=== INPUT FOR THIS TASK ===

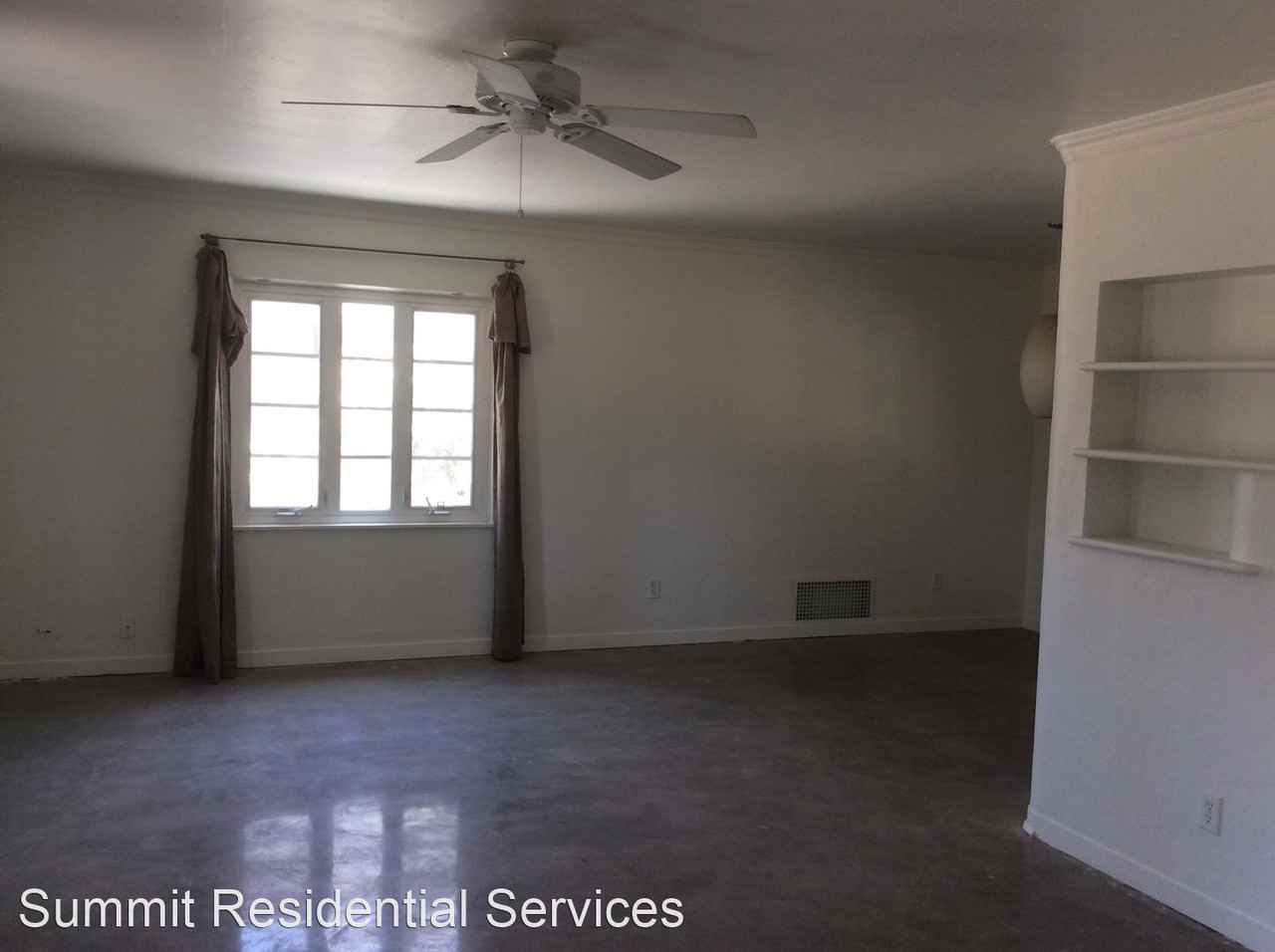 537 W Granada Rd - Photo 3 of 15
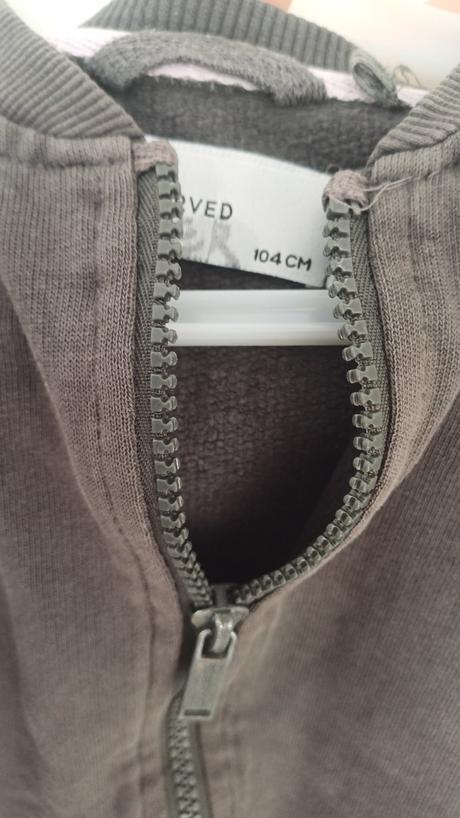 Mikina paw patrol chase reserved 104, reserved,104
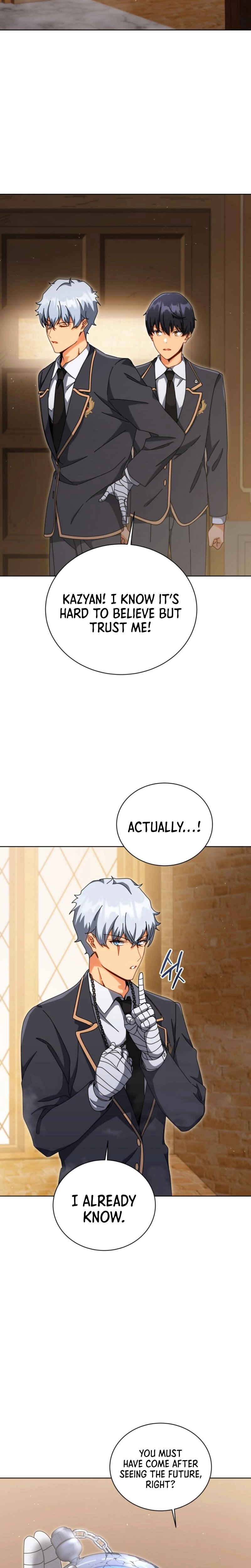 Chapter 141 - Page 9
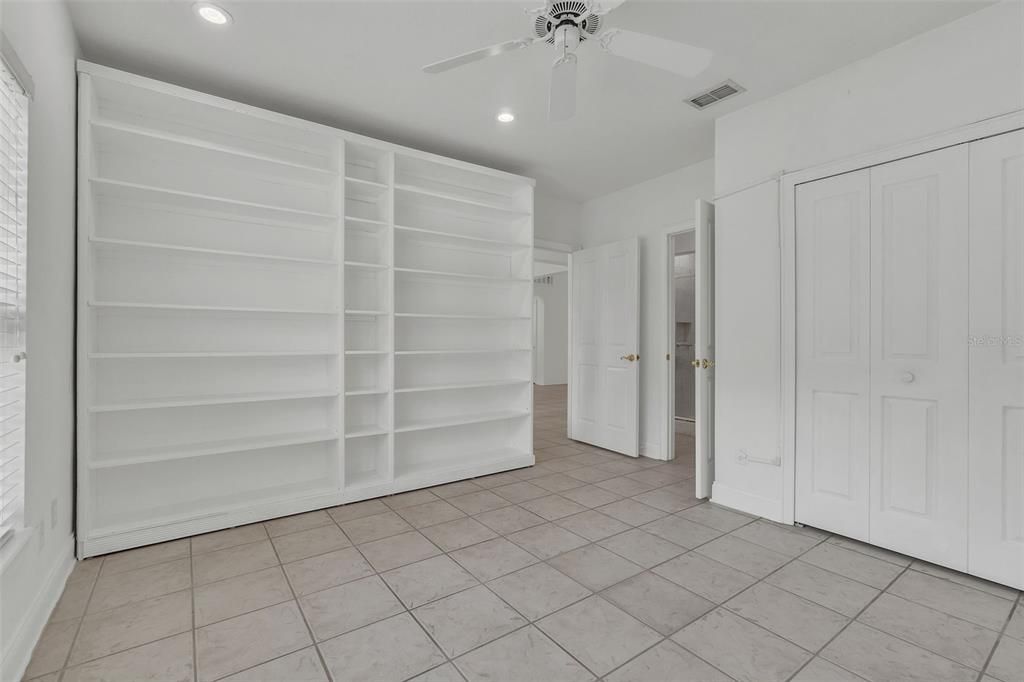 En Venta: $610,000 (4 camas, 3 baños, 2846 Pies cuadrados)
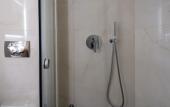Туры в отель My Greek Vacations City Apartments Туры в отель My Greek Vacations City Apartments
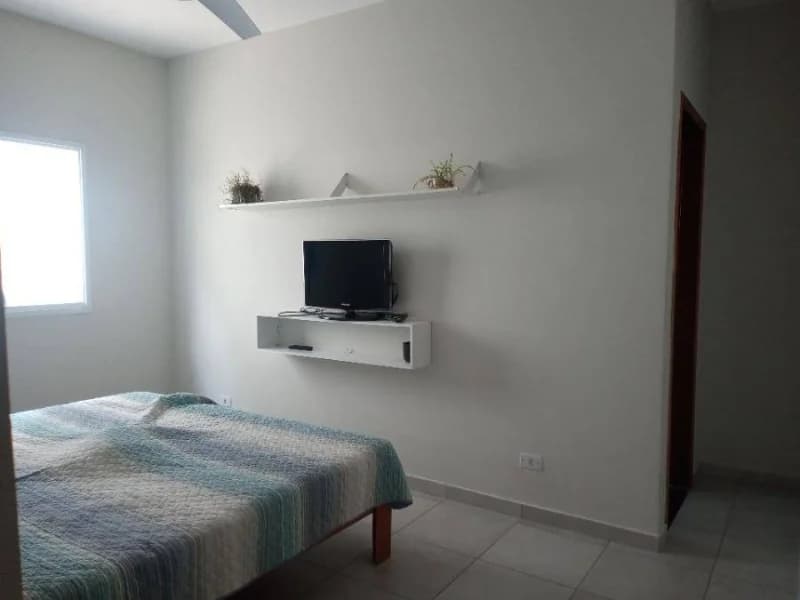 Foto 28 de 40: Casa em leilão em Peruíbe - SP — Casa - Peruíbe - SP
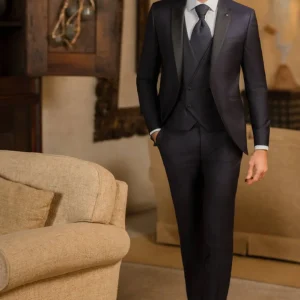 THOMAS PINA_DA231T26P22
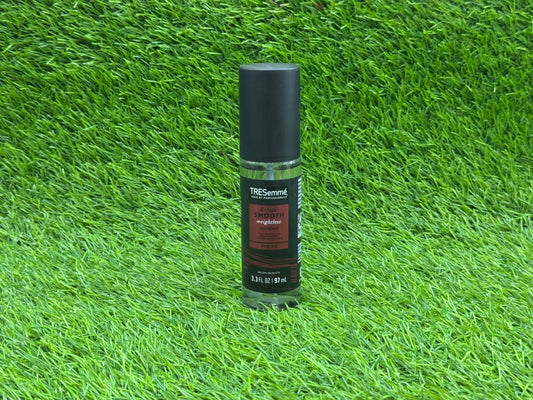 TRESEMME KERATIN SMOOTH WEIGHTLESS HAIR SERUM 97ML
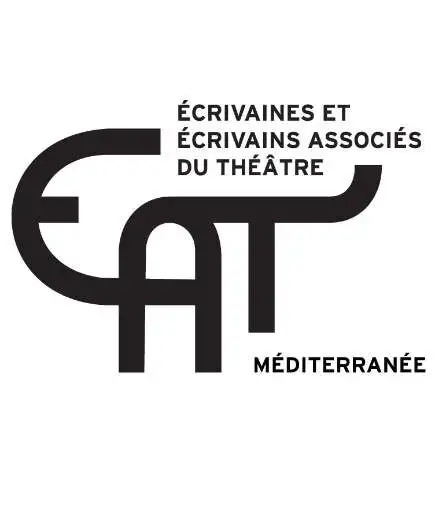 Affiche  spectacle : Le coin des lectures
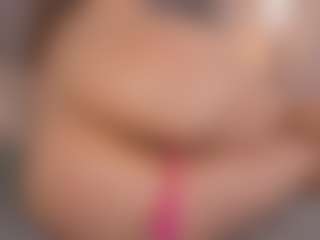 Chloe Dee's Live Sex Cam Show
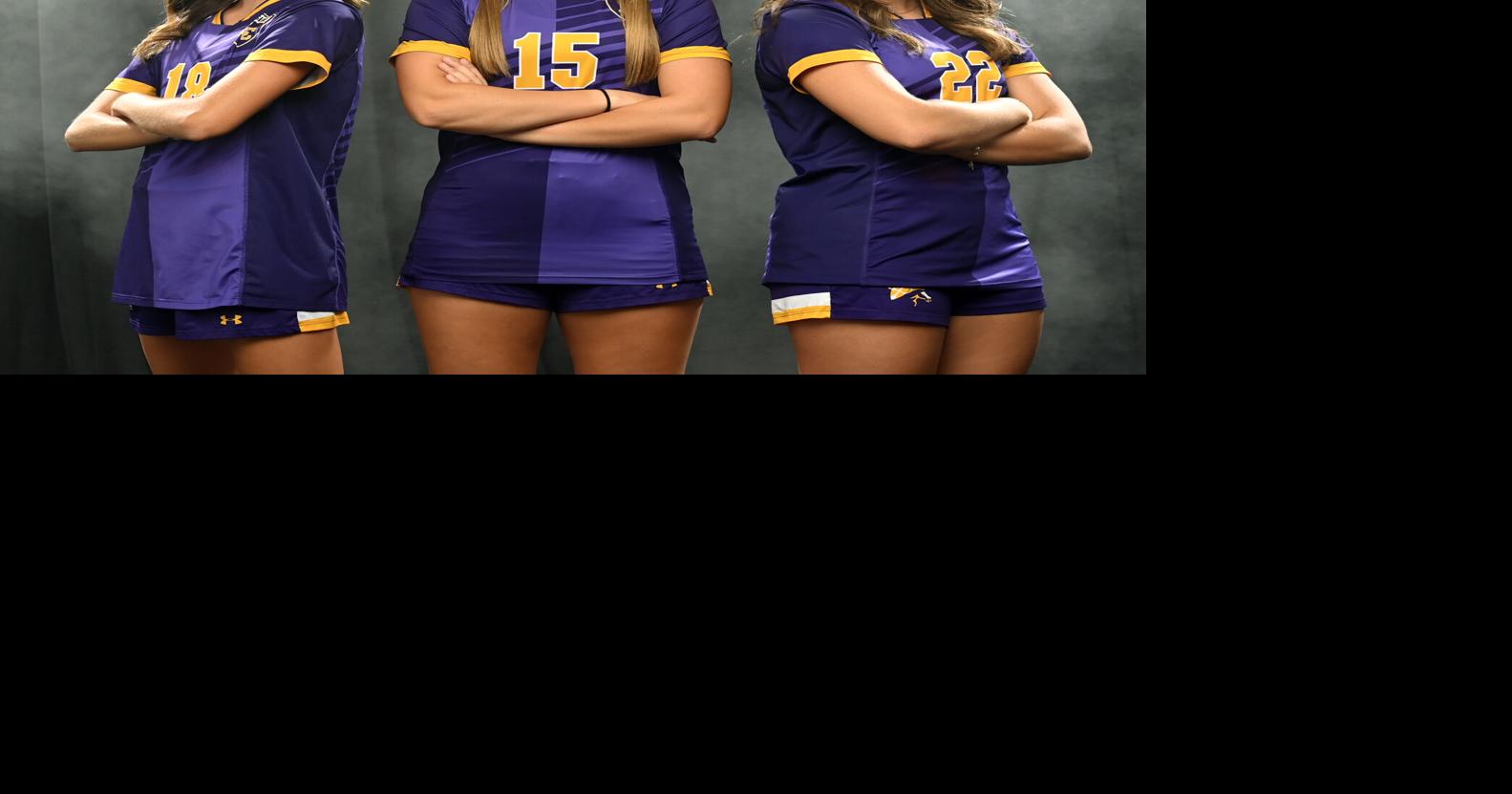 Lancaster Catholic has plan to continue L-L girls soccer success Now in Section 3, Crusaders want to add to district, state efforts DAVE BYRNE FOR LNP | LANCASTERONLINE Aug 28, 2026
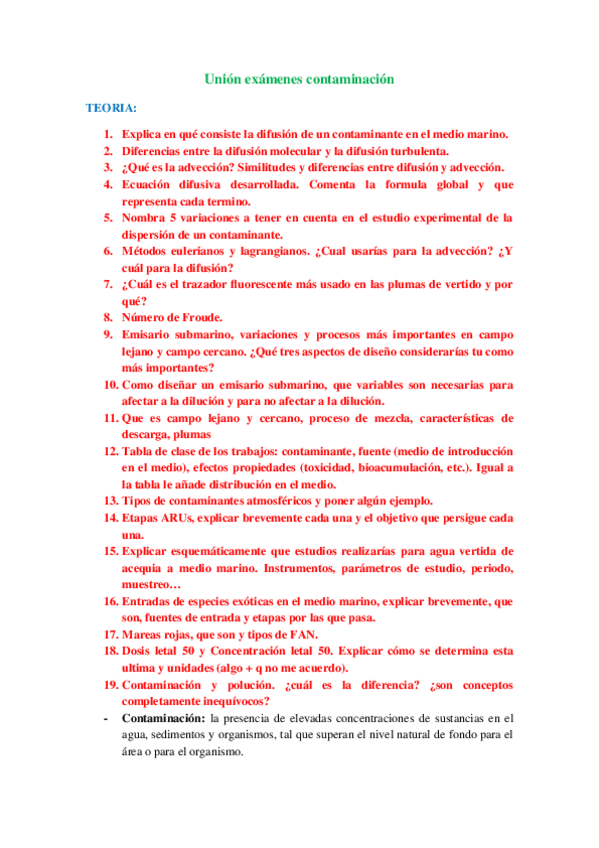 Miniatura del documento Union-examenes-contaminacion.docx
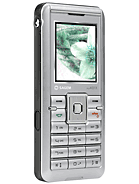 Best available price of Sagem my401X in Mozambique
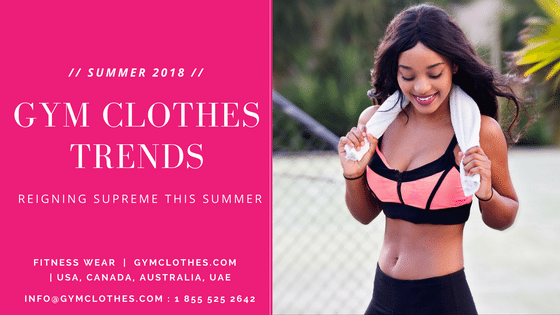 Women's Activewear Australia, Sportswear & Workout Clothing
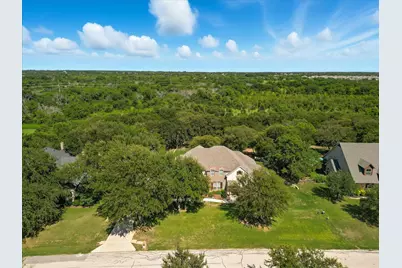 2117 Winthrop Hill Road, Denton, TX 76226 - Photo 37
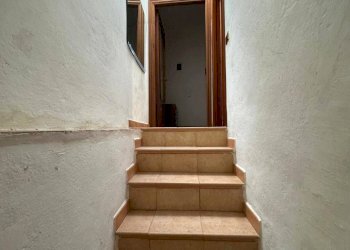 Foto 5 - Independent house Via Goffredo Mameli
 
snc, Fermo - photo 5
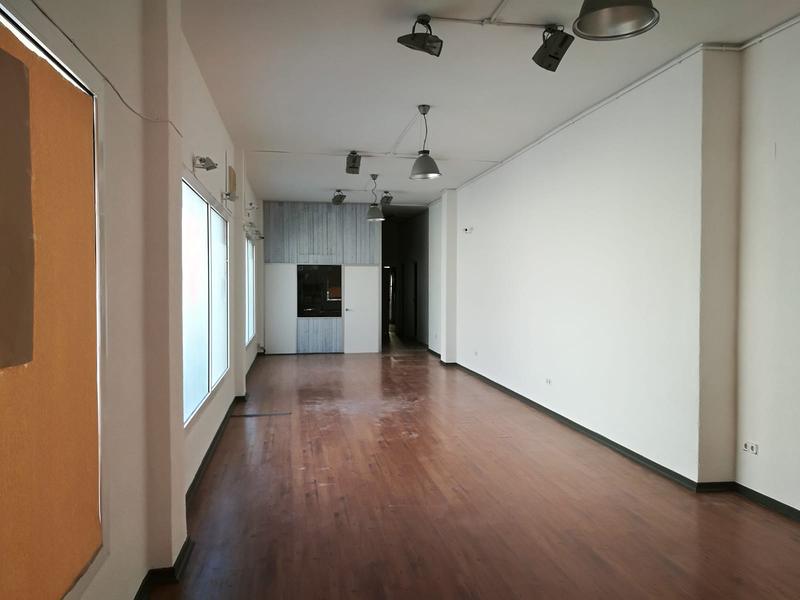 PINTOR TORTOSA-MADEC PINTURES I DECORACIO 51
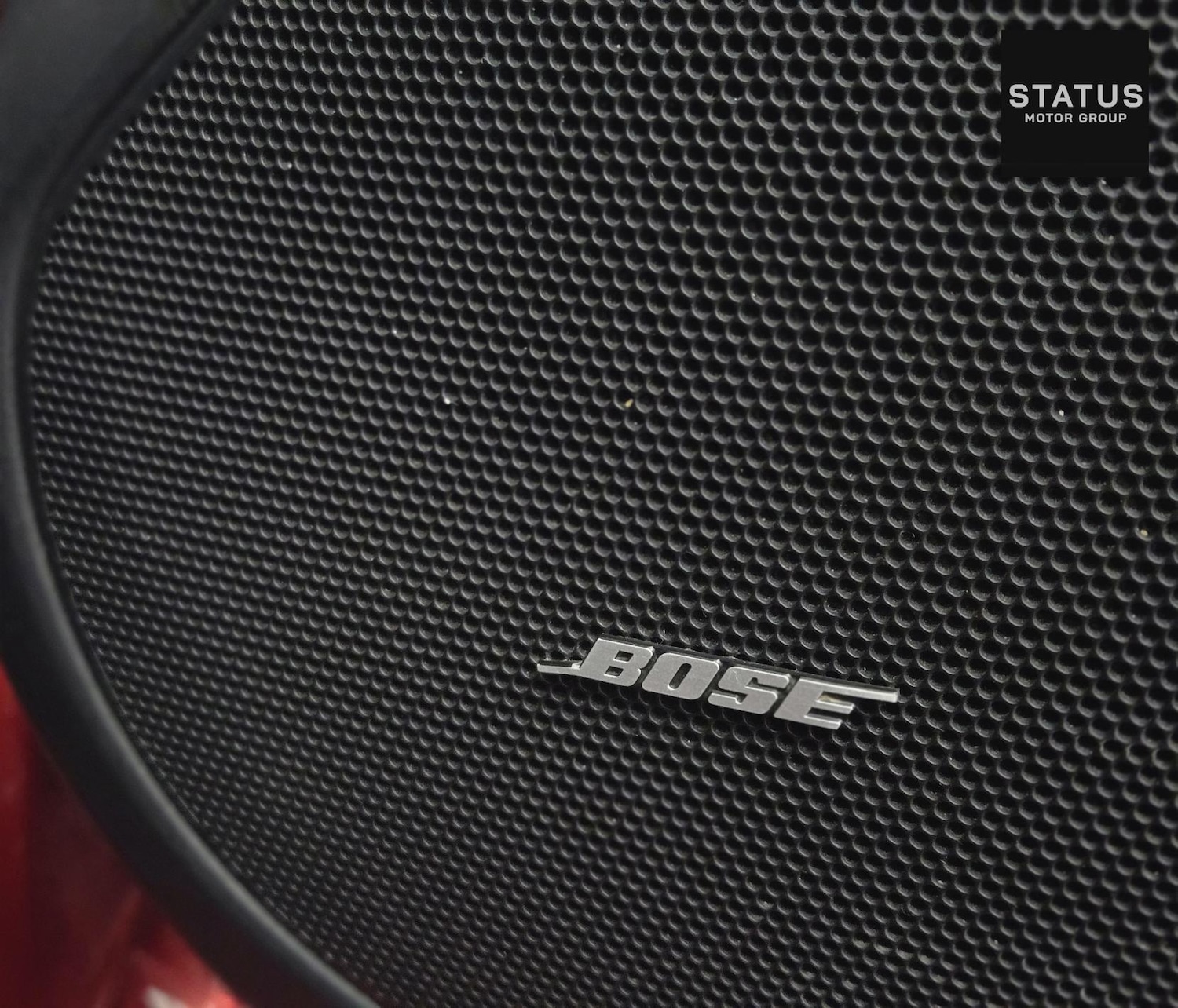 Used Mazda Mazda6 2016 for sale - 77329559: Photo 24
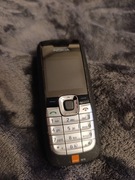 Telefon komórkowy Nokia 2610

===

WHAT YOU ARE ASKED TO DO -
Reproduce exactly the lines from the one containing "Women's Activewear Australia, Sportswear" through the last line of the records, both included, leaving out every picture.

OUTPUT FOR THIS EXERCISE -
 Women's Activewear Australia, Sportswear & Workout Clothing
 2117 Winthrop Hill Road, Denton, TX 76226 - Photo 37
 Foto 5 - Independent house Via Goffredo Mameli
 
snc, Fermo - photo 5
 PINTOR TORTOSA-MADEC PINTURES I DECORACIO 51
 Used Mazda Mazda6 2016 for sale - 77329559: Photo 24
 Telefon komórkowy Nokia 2610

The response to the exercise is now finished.